A disputa política pelo setor e o entrave para estados e municípios se financiarem são um dos eixos do problema. Outro é a falta de interesse do setor privado pela área, e de segurança jurídica para fazer com que ele se interesse. Entre 2003 e 2009, do total de R$ 33, 9 bilhões investidos no setor, só em torno de 5% foram privados, diz a Abdib.

Se a rede já foi instalada, e a empresa privada entraria para geri-la, é mais fácil para a iniciativa privada se interessar, afirma Velloso. Mas se é para instalar a rede - principal necessidade de um país com metade da população sem o serviço -, a regulação da área não daria garantias suficientes ao setor privado.

- Até 2007, quando saiu a Lei do Saneamento, a primeira a dar uma regulação geral ao setor, os órgãos que atuavam em saneamento agiam livremente. Não havia agências reguladoras, um governante poderia entrar e mudar as regras. Isso dava insegurança ao setor privado - diz Paulo Godoy, presidente da Abdib, sobre a lei do setor, regulamentada só este ano. - De 2007 para cá é que começaram a criar agências reguladoras estaduais. A lei também passou a condicionar a liberação de financiamento federal para os municípios ao fato de eles terem agência municipal ou se ligarem a uma estadual.

Enquanto União, estados e prefeituras não se entendem, o pedreiro Pedro, cearense de Santa Quitéria que chegou ao Rio nos anos 1980, tirou algum do bolso para fazer sua ponte:
- E para cimentar do outro lado do valão também. Até ano passado era tudo terra - diz Pedro, lembrando que, na eleição para prefeito em 2008, a então candidata à reeleição, a prefeita Aparecida Panisset, foi lá com o então candidato a vereador Eduardo Gordo.

- Falaram que fariam obra aqui: "Amanhã! Amanhã o material está aqui!". Cadê? Amanhã, só Deus sabe.

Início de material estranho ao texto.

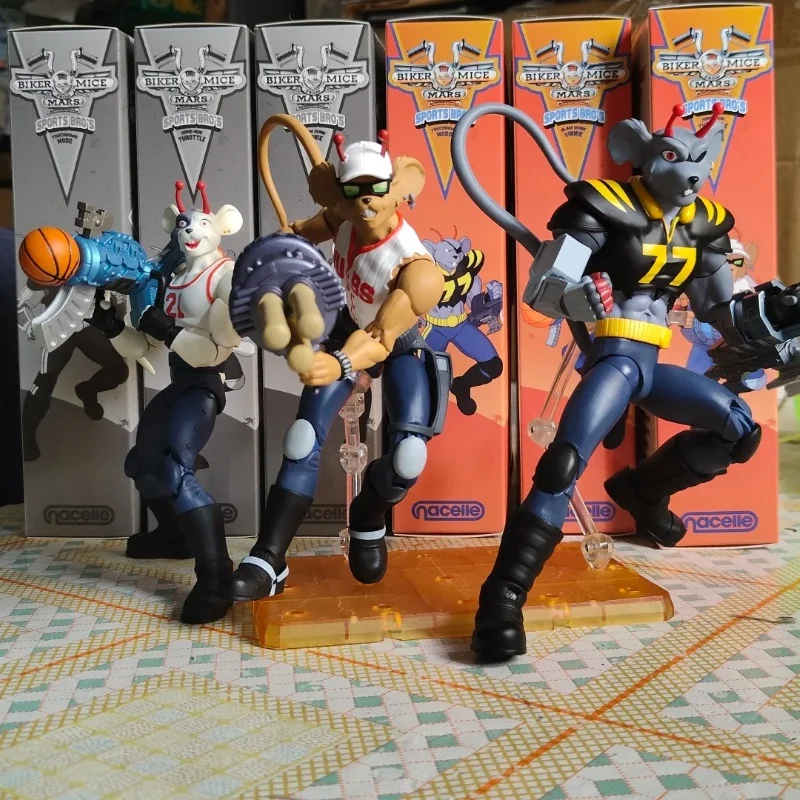 

Nacelle Mars Mouse 1/12 Scale Biker Mice MONSTER BlKE RADICAL Slotevini Three-piece Full Set 6in Action Figure Body Gifts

'A água está barrenta. Serve só para louça'
No Maranhão, apenas 33% da população contam com água encanada

Evandro Éboli Enviado especial

Num estado com os piores indicadores sociais do país, a população que mora no interior do Maranhão e na periferia de São Luís parece viver em outra época. São comuns valas de esgoto, não há água encanada, os banheiros são improvisados no quintal e os vasos sanitários são buracos na terra. Inexiste o básico.

Nem tão longe da capital, moradores da zona rural dividem água barrenta de açudes com animais.

Nesta época de campanha eleitoral, as mazelas do Maranhão aparecem junto com as promessas.

No estado, 49% da população não têm saneamento e só 33% contam com água encanada, segundo o "Mapa da exclusão social no Brasil - Radiografia de um país assimetricamente pobre", do economista José de Jesus Souza Lemos, da Universidade Federal do Ceará.

Assentados da reforma agrária, Anselmo Neves e José Ribamar Castro vivem no assentamento Cigana, área rural de Matões do Norte. Eles percorrem cinco quilômetros de bicicleta até o açude mais próximo, onde buscam a água para lavar louça, mãos e rosto. Em volta do açude, bois e cavalos pastam e bebem dessa água.

- Não tem como fugir. O que a gente faz é ficar do outro lado de onde estão os bichos, para não pegar água contaminada.

Até hoje não deu problema. Devem estar olhando pela gente lá em cima - diz Neves, com 39 anos e quatro filhos.

A poucos quilômetros dali, no povoado de Samangula, um pequeno açude era a imagem de um triste cenário. Bem mais raso e bem mais barrento.

Ainda assim, com água colhida pelos moradores da região. É a única opção. O lavrador Justino Oliveira Rodrigues, de 55 anos, abastece ali sua casa. O galão é improvisado com um balde, levado na cabeça no trecho de dois quilômetros que separam o açude de sua casa.

- A água aqui está muito grossa, barrenta demais. Serve só para lavar louça - diz Justino, que tem uma pequena "rocinha de pé de toco", onde planta arroz para sua subsistência.

O caminhão-pipa da prefeitura, que abastece caixas d'água e deveria passar, no máximo, toda semana, fica 15 dias sem aparecer.

- Aí não tem jeito - lamentase Justino.

Em Bacabeira, uma das tantas cidades do Maranhão à beira de uma rodovia, Francinete de Jesus Soares, de 55 anos, improvisa. Ela transformou um pneu de caminhão em reservatório: - Cabe bastante água aí. A gente tem que deixar a torneira aberta, porque não sabe a que horas vai ter água.

Já aconteceu de a água chegar de madrugada. Às 2h, corro para lavar roupa. Tem que aproveitar.